Breast Cancer

Many Elderly BC Patients Are Taking Hormone Therapy

Women over 65 with non-metastatic breast cancer are likely to follow recommendations for preventive hormone treatment. But non-white women were much less likely to have that therapy.

The women who had the therapy suffered from estrogen-positive breast cancer and were given either an aromatase inhibitor or tamoxifen. Those hormones prevent tumors from using estrogen to fuel growth.

The study was reported in the Journal of Clinical Oncology.

“Women 65 years of age and older comprise about half of patients with breast cancer, but some studies have suggested this group initiates therapy less often and discontinues treatment more frequently than younger or middle aged women,” said the study’s lead author, Vanessa B. Sheppard, PhD, associate professor of oncology and assistant director of health disparities research at Georgetown Lombardi Comprehensive Cancer Center.

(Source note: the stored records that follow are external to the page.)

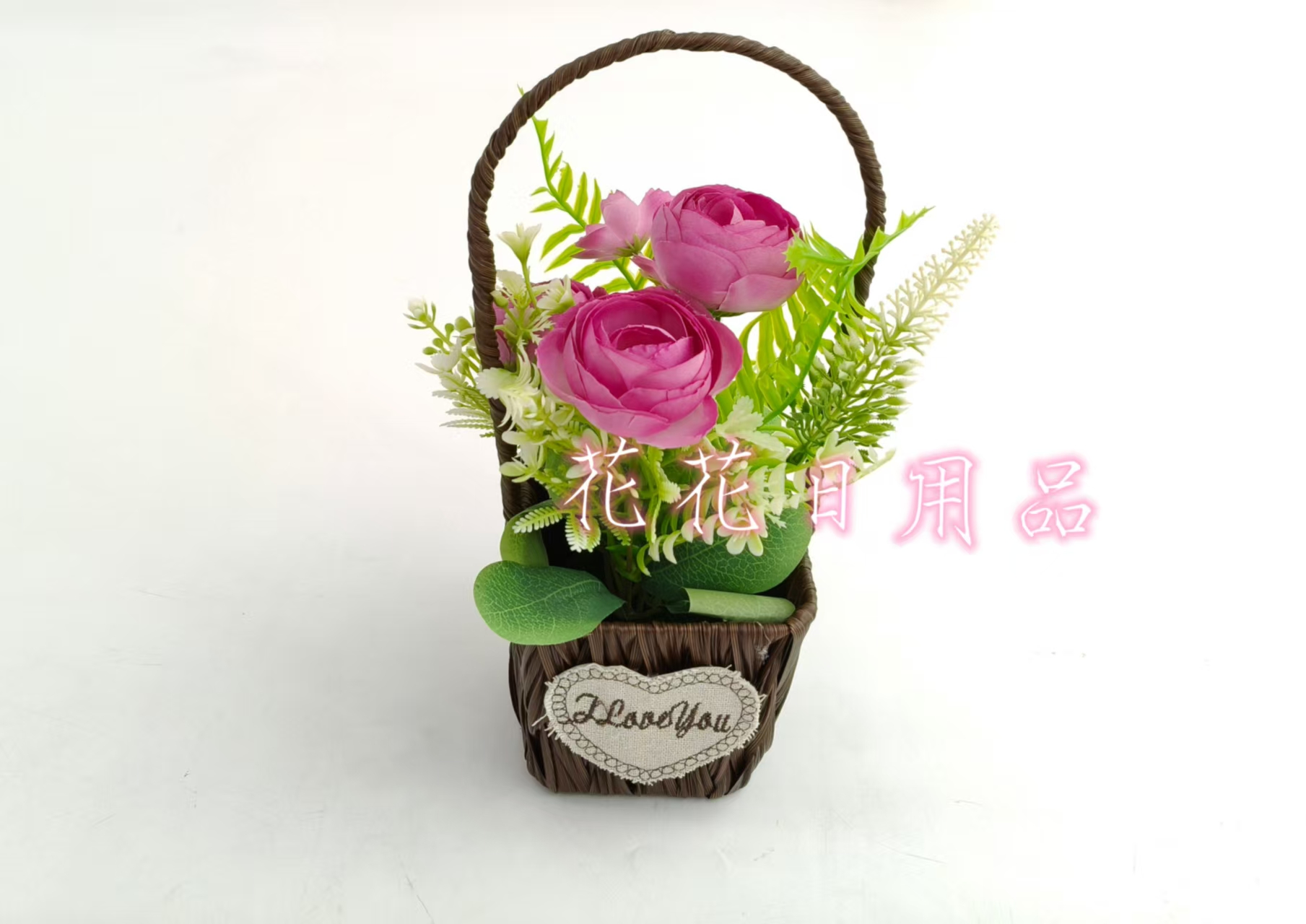 抱抱桶鲜花桶/家居摆件/花篮竹编/柳编篮子/花艺细节图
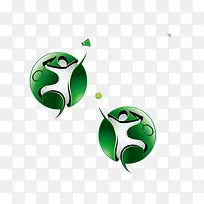 运动风绿色活力羽毛球标徽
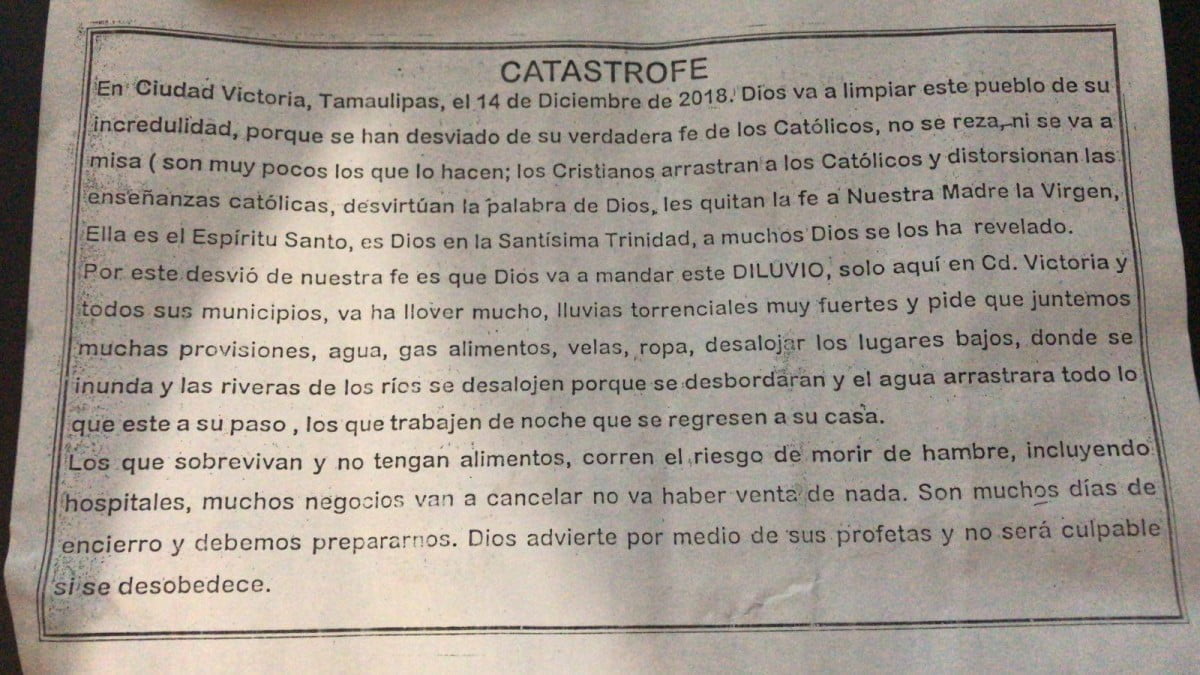 Folletos que anuncian catástrofe, generan alarma en Victoria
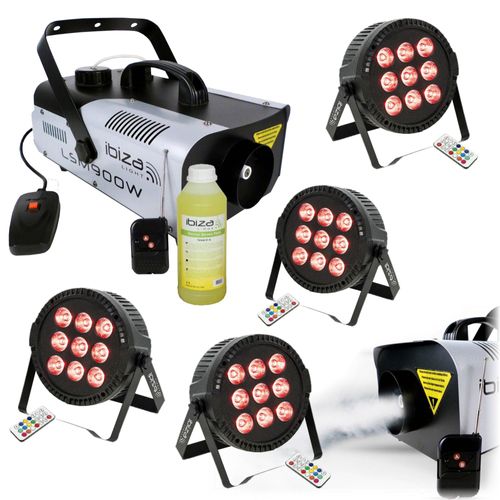 Pack Lumière Machine à Fumée Ibiza Light LSM900W - 4 Projecteurs THINPAR-9X6W-RGBW - Soirée Dj Mariage Anniversaire Fête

“We found a more positive picture of use — although more than half of patients discontinued use before the five years of recommended treatment, non-initiation of starting treatment was only 14 percent,” she says. “This is reassuring, as it’s important for women to give themselves a chance for the best outcome possible, regardless of their age.”

The researchers conducted the study over a period of seven years at 78 facilities across the U.S. The 1,062 participants were aged 65 to 91; they had locally invasive cancer.

However, Sheppard said, women who were judged “frail” or “prefrail” may be justified in not starting treatment. “It may be that these women, with the concurrence of their physicians, felt they would not live long enough to benefit from the therapy given competing health conditions, and they also may have wanted to avoid any toxicities from treatment.”